Thanks for the thorough response.
To answer your queries,
1. we have several operating systems on the computers that are runing into problems: Vista, Windows 7 Home Premium, Mac OSX versions 10.5.8 (2), 10.7.2. I seem to be the only one with very few disconnects and I'm running Max OSX 10.6.8.
2. If you mean that we'd lose a connection with the cell tower completely, I don't think this is our problem. I can plug my MacBook into the ethernet jack of the computer having trouble and connect fine.
3. I confess I don't understand DNS issues but somehow I think it may be something like this.
We're not heavy users; having spent two years using Rogers Portable internet, our demands on the connection are not extreme.
We're all within the 100m cable length limit. (Our one experience in wiring an outbuilding that exceeded this limit was that there was no connection at all.)
Our situation is that all these computers having problems can at some times connect to the net normally.
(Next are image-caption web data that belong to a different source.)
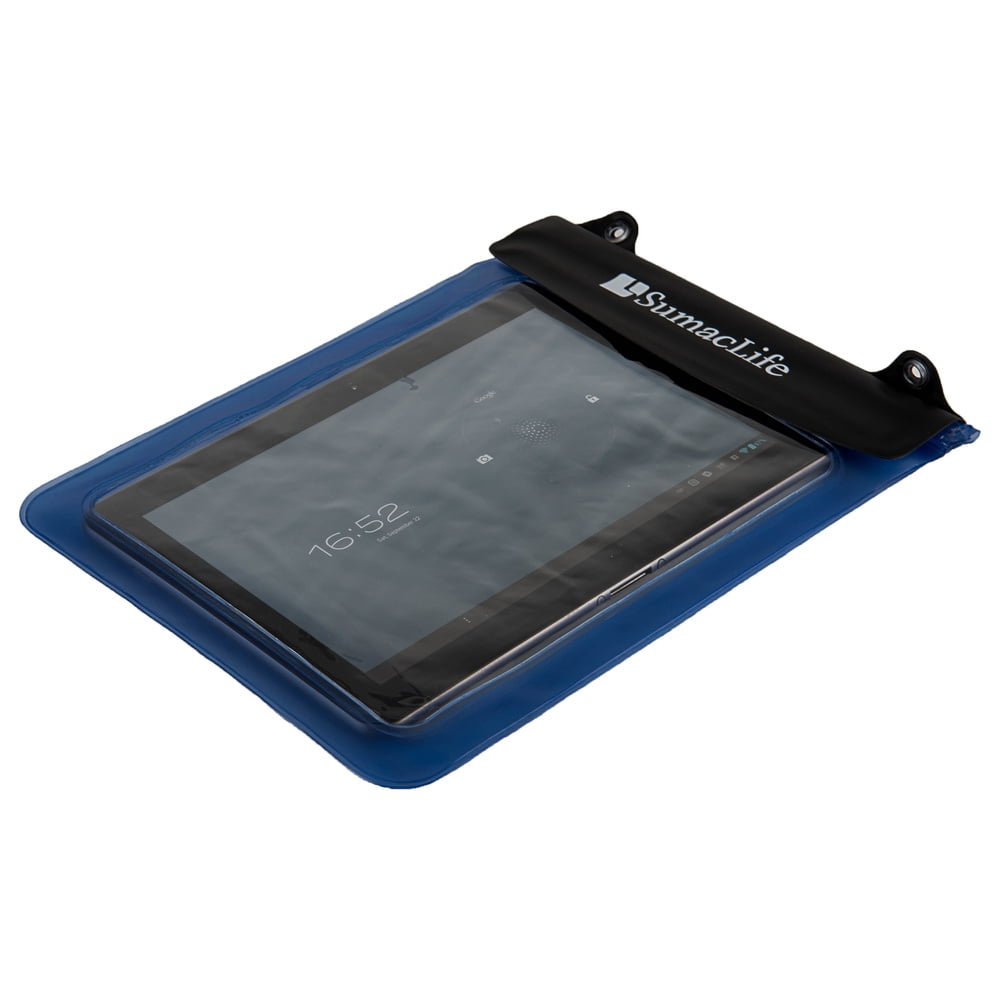 Waterproof Case Tablet Dry Pouch (Blue) w/ Neck Lanyard - Compatible w/ iPad Pro 12.9/11/9.7 Samsung Galaxy Tab S4/Book Microsoft Surface Go, Tablets up to 12.9” Great for Swim Pool Beach Bath Travel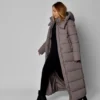 Зимовий довгий пуховик темно-бежевий | 93563 Зимовий довгий пуховик темно-бежевий | 93563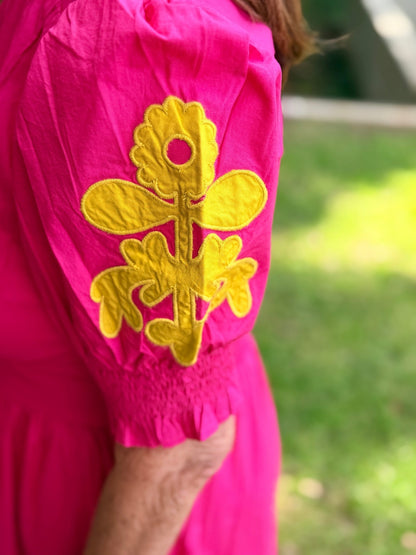 Bolden Applique Tiered Midi Dress – Vibrant Fuchsia & Lime - Hello Beautiful BoutiqueDressUncle Frank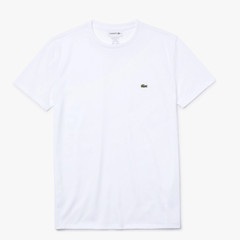 *NEW* Men Lacoste Crew Neck Pima Cotton Jersey T-shirts White (TH6709 001)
In case it's relevant, we're using a Yagi antenna and get about 4 bars usually, about -75dBm to -82 dBm for signal strength.
If you can suggest any troubleshooting techniques, I'd be very happy to try them.
thanks very much
A little more info...
One of the users having problems was watching a live broadcast video this morning through a peer-to-peer service called Octoshape as he has done for years. During the broadcast, he found his browser had lost the ability to browse the internet yet the video continued the whole time. So it's not a issue of completely losing an internet connection but somehow that these computers are unable to stay connected in a normal way.
that's a good load of info you posted on your problem.
First for the PC running Vista. I was running Vista as well and getting disconnects, while my wife who was running XP wasn't experiencing any disconnects.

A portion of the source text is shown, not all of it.